After the tub comes the vapor chamber.  This is a box that is basically a steam room.  You sit down and they close the stainless steel door in front and close the two sides of the top around your neck so your head is sticking out.  I know everyone else is doing it, but I couldn’t help but wonder how funny I looked as this disembodied head sticking out of a box.  Everything is very clinical and industrial looking.  Stainless steel and small white tiles abound.  Just as you’re about to pass out from the heat of the steam, they move you to the sitz bath.

What the sitz bath looked like (found in a local store).

This, I was informed was for hemorrhoids or low back pain, but I can’t imaging getting into this thing if I had back pain.  It’s basically like an old farmers sink on the floor.  You sit with your butt in the sink an your legs dangling out over the edge—an awkward, public butt bath that someone else was just in.  Then they lay you on a padded stainless steel table and cover you in hot towels.  At almost every station just as I was about to fall asleep they’d come to move me to the next place.

After the towels came the shower.  Though I kind of felt like a cow being led around, this station, while scary looking, was wonderful.  Today, nice showers often have multiple heads in order to hit the body all over.  It’s never right though.  It’s never where I’d position the water flow.  This historic relic was superb.  It was metal pipes, inches apart, that ran from the neck to the knees.  Each tube was pocked with holes.  My body was completely saturated in water.  Wonderful.
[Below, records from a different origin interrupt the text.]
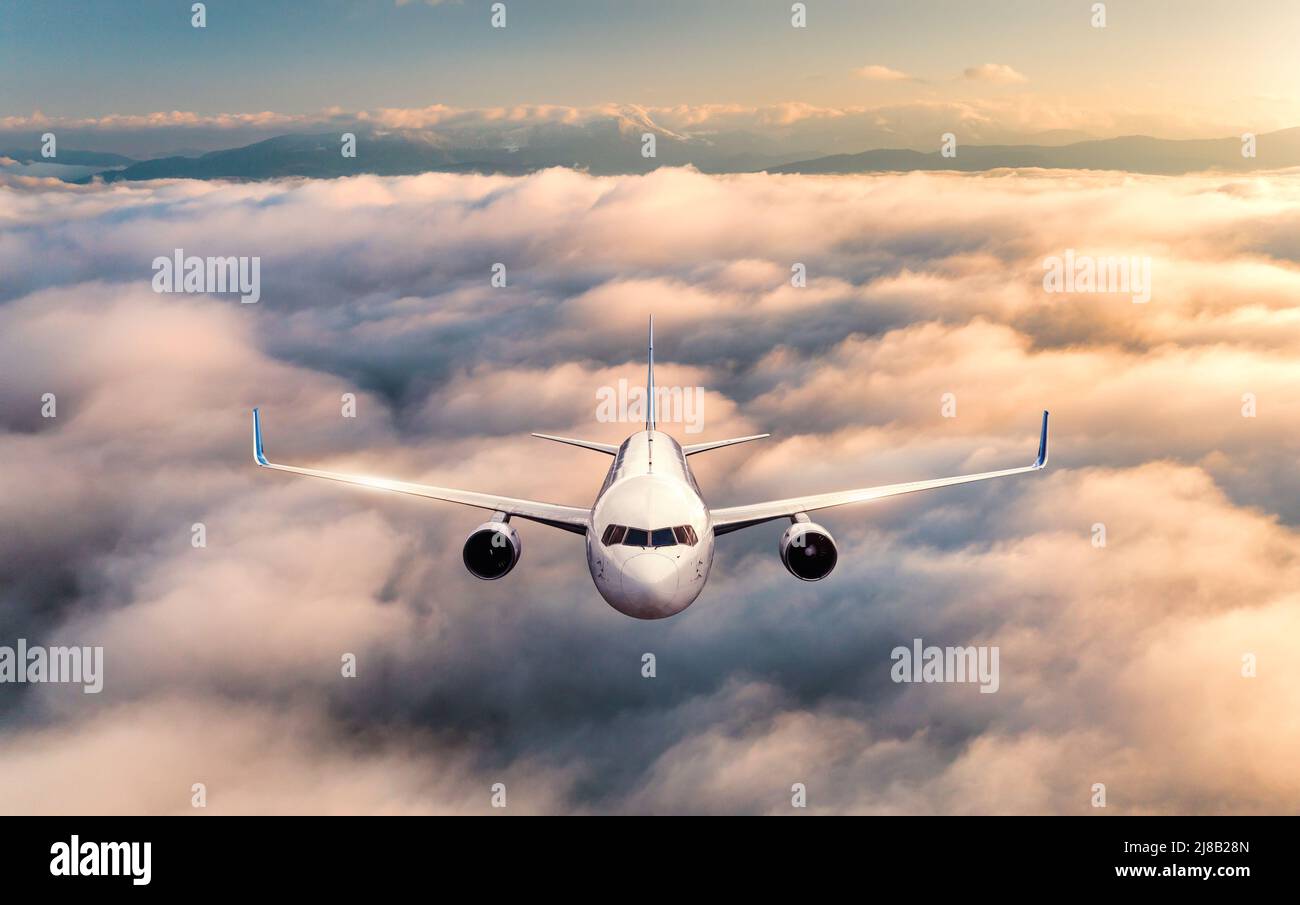 Airplane is flying above the clouds at sunrise in summer Stock Photo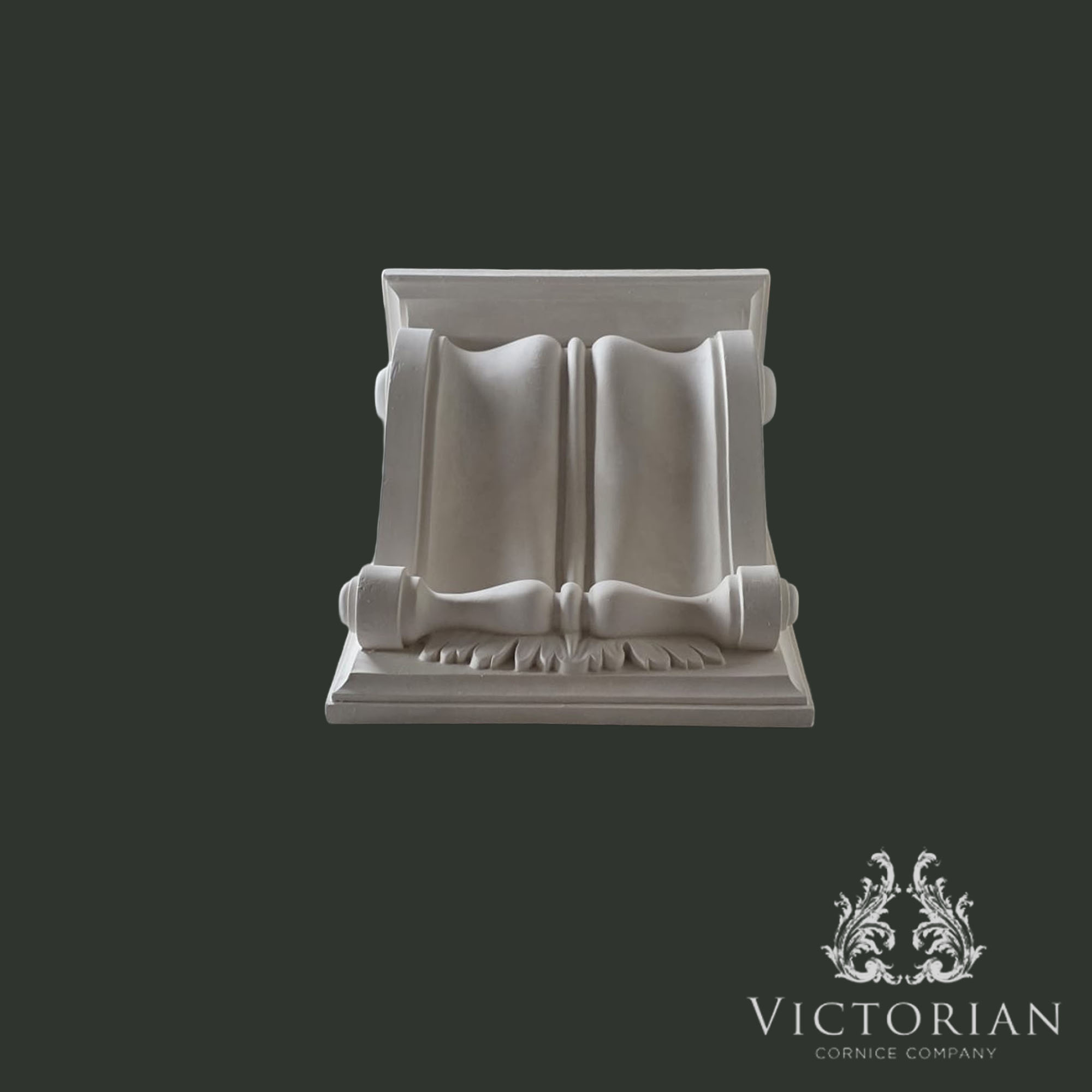 Handmade plain plaster corbel end view with smooth curved detailing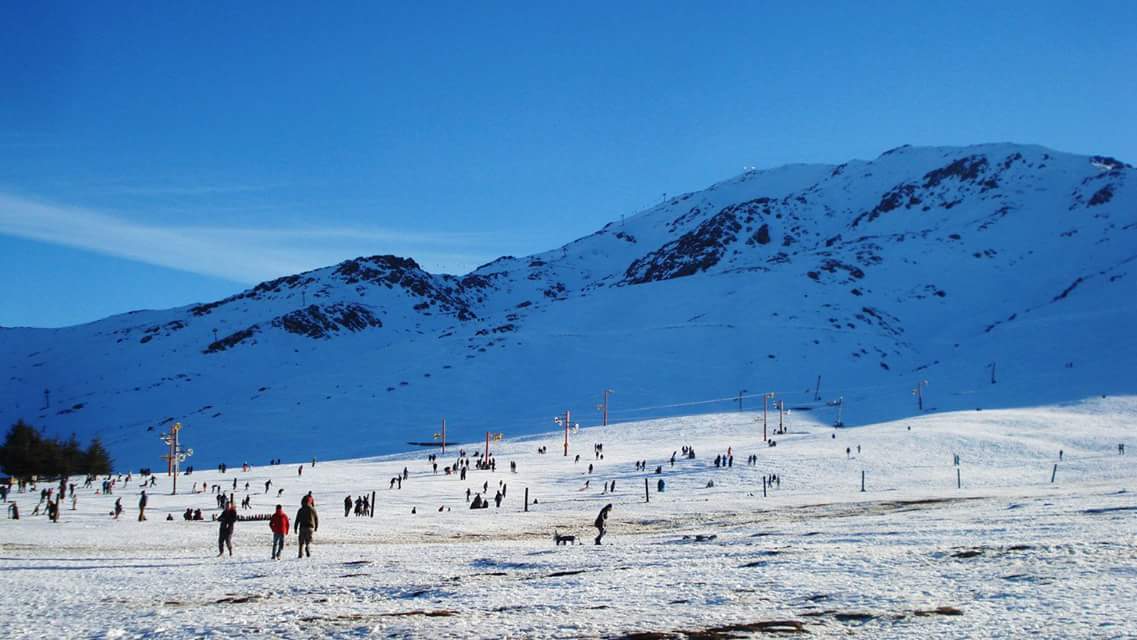 The snowy slopes of Oukaimeden under a blue Atlas sky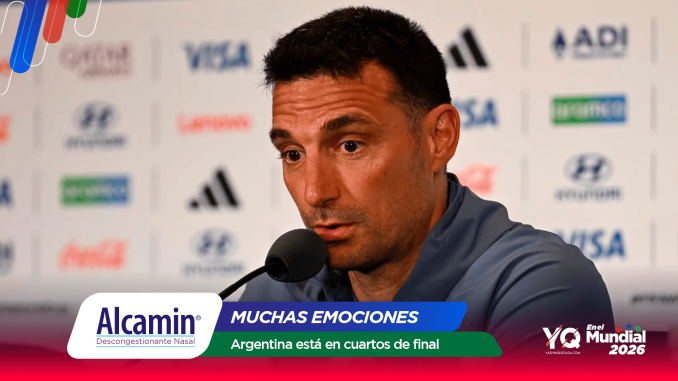 Man at a press conference speaking into a microphone, with sponsor banners in the backdrop and colorful overlay text at the bottom.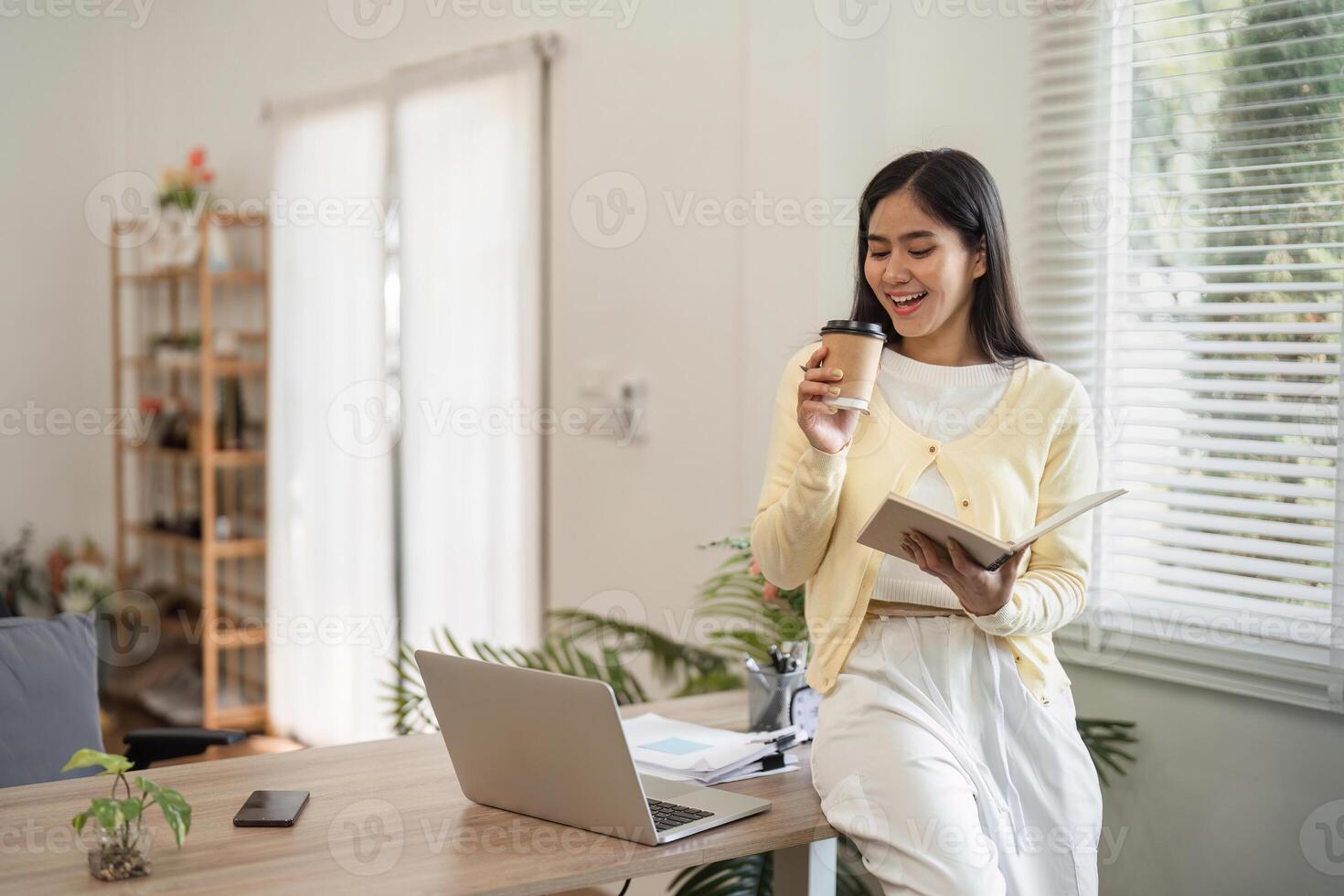 Young woman working from home, enjoying coffee while reading a notebook and smiling. photo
Then a massage and, unlike Matt, my therapist was fantastic.  She knew her stuff.  We talked about fascia and how movement reduces pain.  I was pretty much in all my glory.   I could have slept the entire day.  I came out as exhausted as after you’ve spent too much time in the sun, but it felt superb.  Water therapy has been used as a tool for centuries.  I think I now know why.

Luckily for Matt, we have the greatest massage therapist in our home town, so he made an appointment with Kim at Woodside Massage for our first day home.  To say she is better than Buford is an understatement.  She’s incredible.  But at least he has a story to tell.